(Dataset extract Opens)

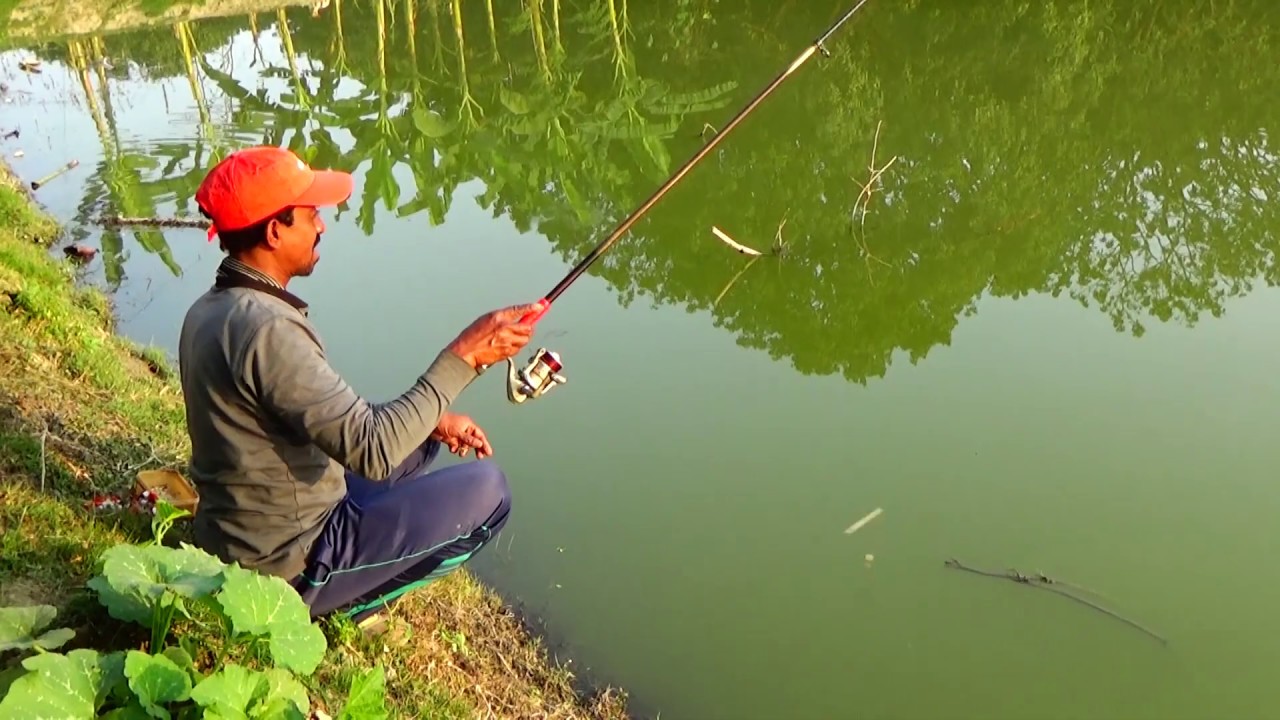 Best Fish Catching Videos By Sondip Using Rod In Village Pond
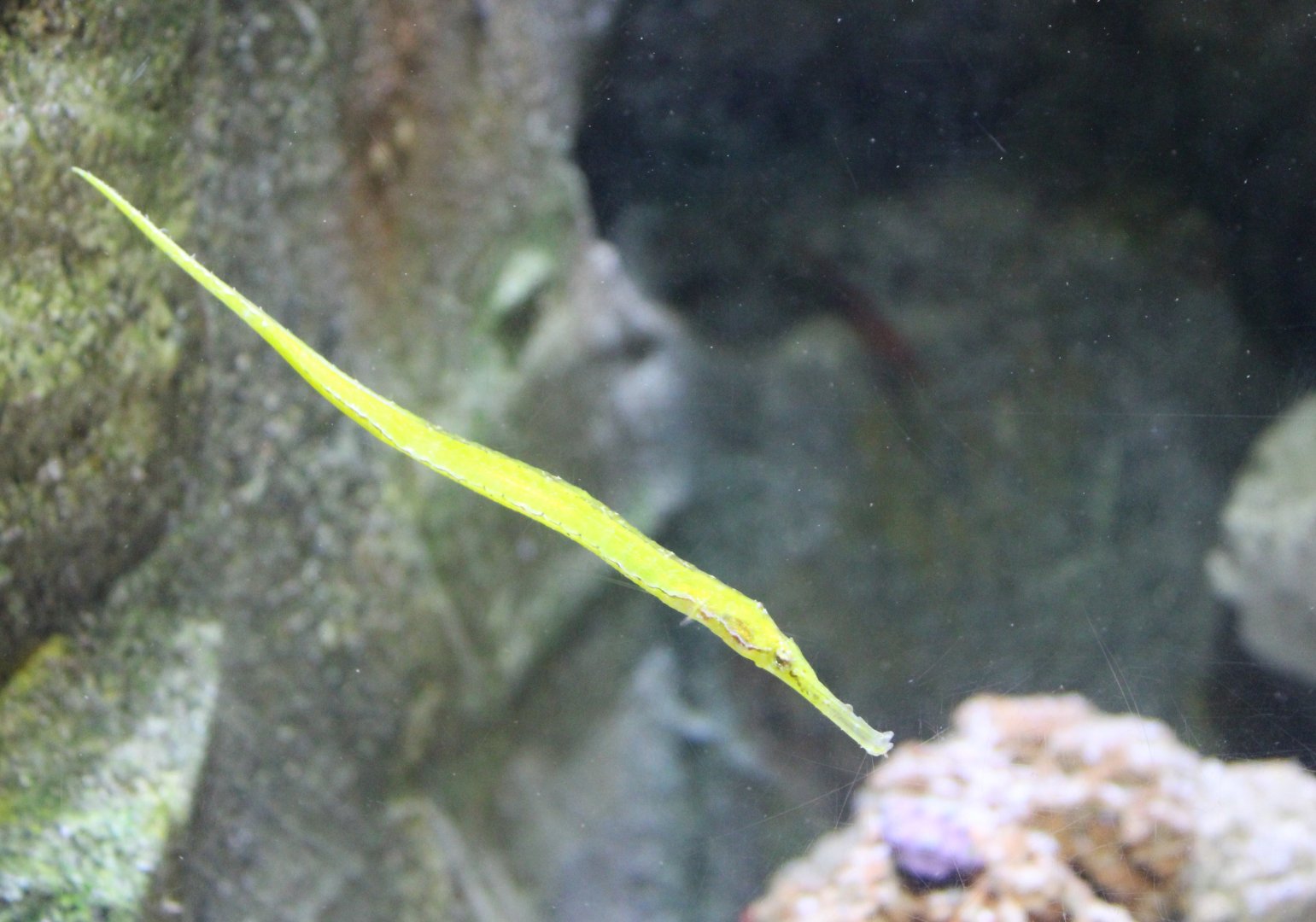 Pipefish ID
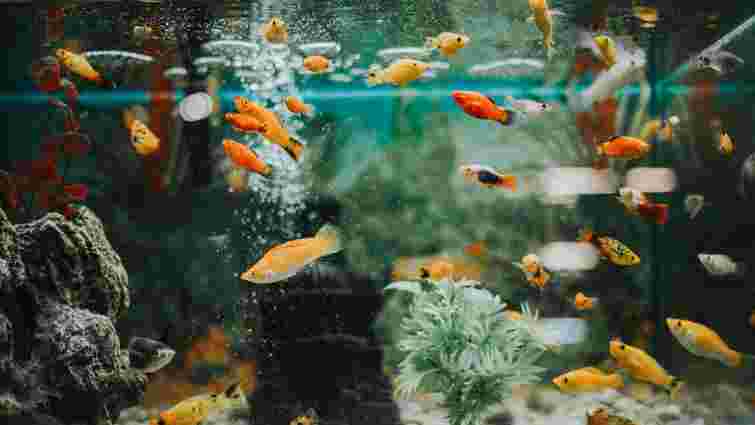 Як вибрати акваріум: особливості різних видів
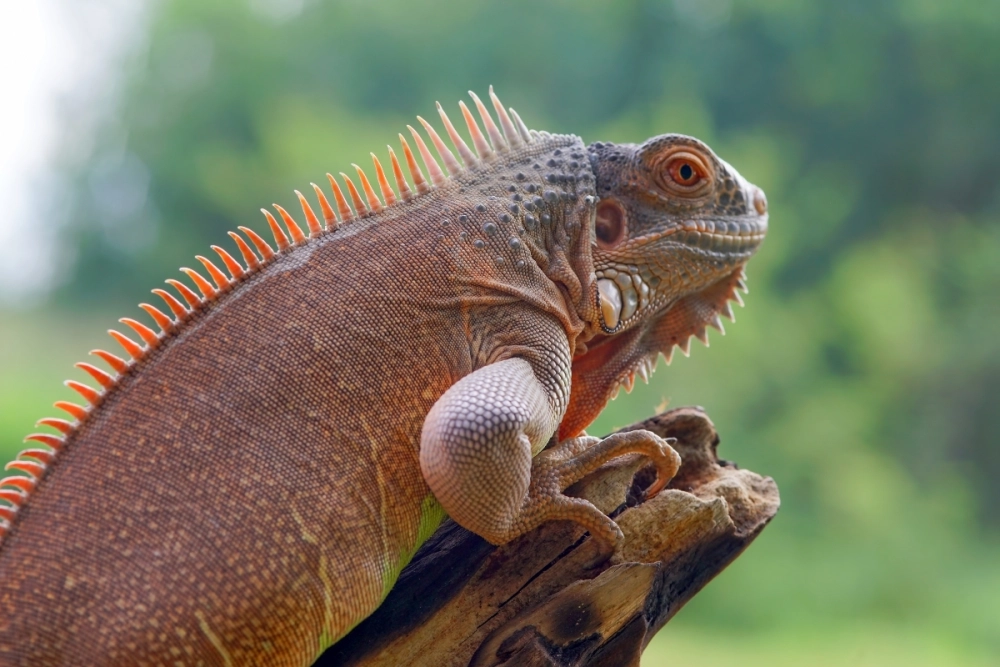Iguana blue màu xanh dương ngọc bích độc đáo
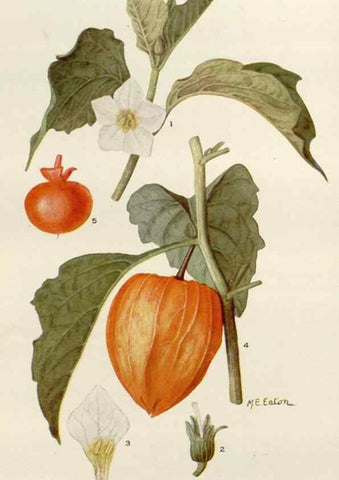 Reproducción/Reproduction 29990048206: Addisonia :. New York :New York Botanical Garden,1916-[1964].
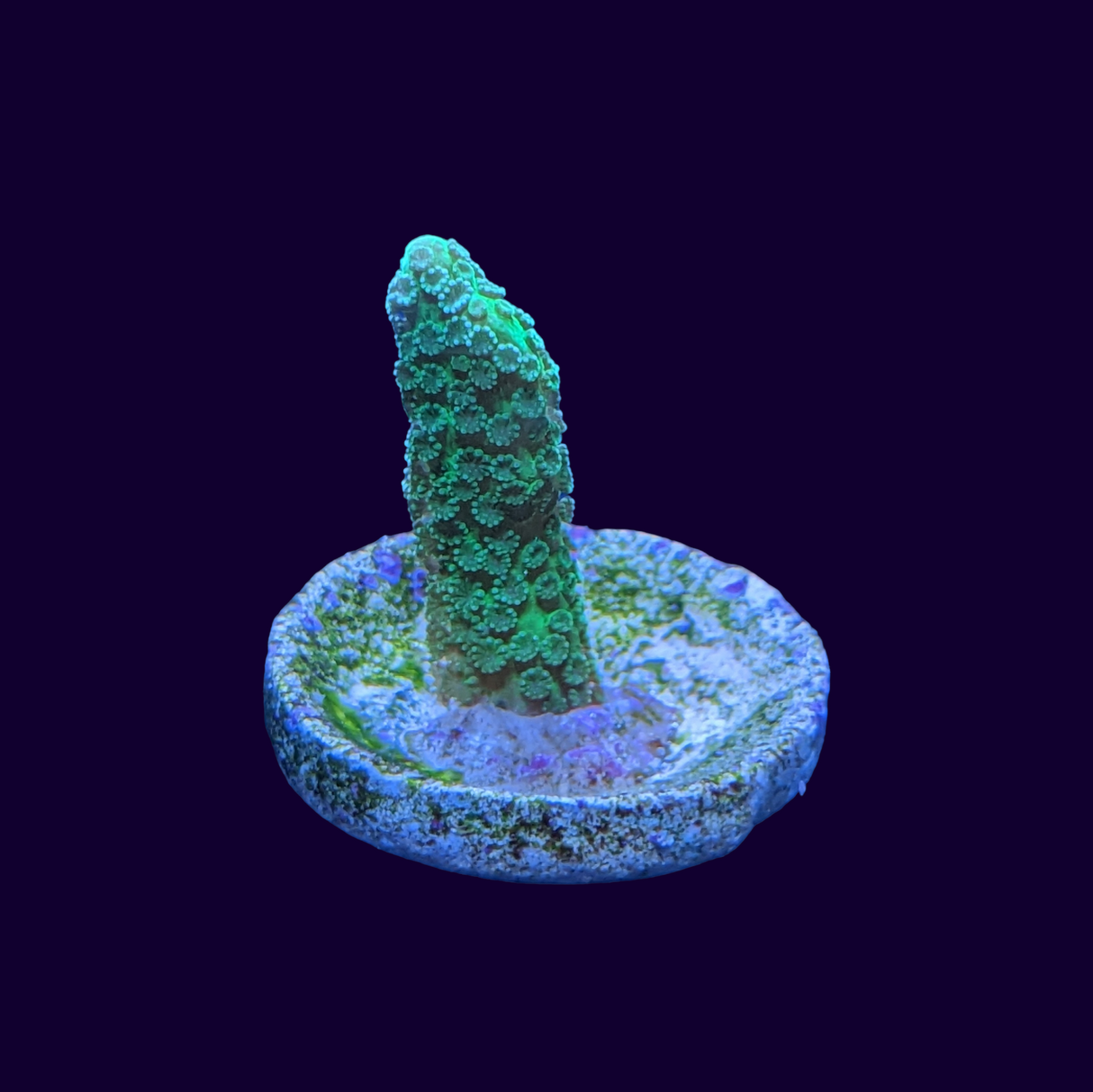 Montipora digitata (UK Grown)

(Dataset extract Closes)

The entries above are to be printed again word for word, with every picture removed.

> [Task output]
 Best Fish Catching Videos By Sondip Using Rod In Village Pond
 Pipefish ID
 Як вибрати акваріум: особливості різних видів
Iguana blue màu xanh dương ngọc bích độc đáo
 Reproducción/Reproduction 29990048206: Addisonia :. New York :New York Botanical Garden,1916-[1964].
 Montipora digitata (UK Grown)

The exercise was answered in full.